Methods |
Randomized, double‐blind, placebo‐controlled trial (parallel arms). Wash‐out period = 1 to 4 weeks. Multicenter, conducted in USA |
Participants |
Sitting DBP 95 to 114 mmHg. Mean age: HCTZ 25 mg = 53.2; placebo = 53.8 years. Males: HCTZ 25 mg = 53% and placebo = 55% |
Interventions |
Benazepril 20 mg/d (N = 42), benazepril 5 mg, 10 mg or 20 mg/d + HCTZ 6.25 mg, 12.5 mg or 25 mg/d (all combined, N = 207), HCTZ 25 mg/d (N = 45) or placebo (N = 40)

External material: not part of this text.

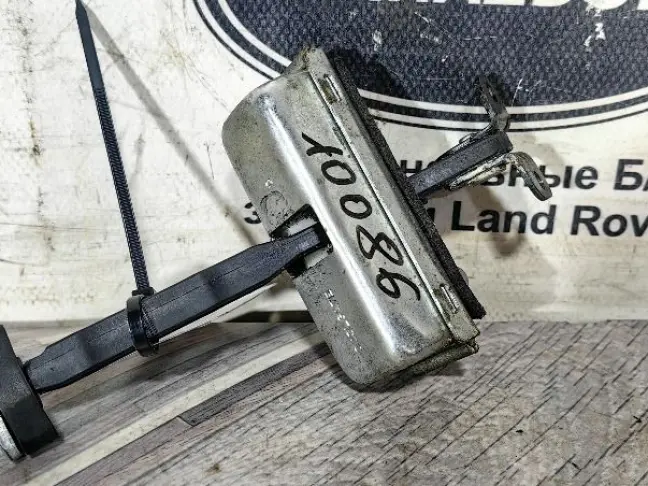 Ограничитель двери задний Sport L320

Treatment duration = 6 weeks |
Outcomes |
Change from the baseline in trough mean sitting DBP and SBP; pulse rate, serum potassium, body weight |
Notes |
Study was adequately powered (73% and 87% power to detect a 5 and 6 mmHg difference in BP, respectively between any pair of treatments). The authors of the study did not state whether there were statistically significant differences across treatment groups in baseline demographics and characteristics. SD for BP data were not given (SEM only). Baseline BP was not given |
Risk of bias |
Bias |
Authors' judgement |
Support for judgement |
Random sequence generation (selection bias) |
Low risk |
"...patients were assigned to receive placebo or one of seven active treatment regimens according to a computer‐generated randomisation table." (line 4 under "Design" p.18) |
Allocation concealment (selection bias) |
Unclear risk |
Not stated by study authors |
Blinding (performance bias and detection bias)
All outcomes |
Low risk |
"The study was a 6‐week, randomised, double‐blind, placebo‐controlled, parallel‐group multicenter trial." (line 1 under "Design" p.18). "Study medication was provided as tablets of identical appearance and capsules of identical appearance..." |
Incomplete outcome data (attrition bias)
All outcomes |
Low risk |
Efficacy analysis was based on an ITT technique
Exclusions: 73/407 (18%) of patients were excluded from the study during the single‐blind, placebo run‐in period prior to randomization, the majority of whom failed "to meet the Sitting DBP entry criterion."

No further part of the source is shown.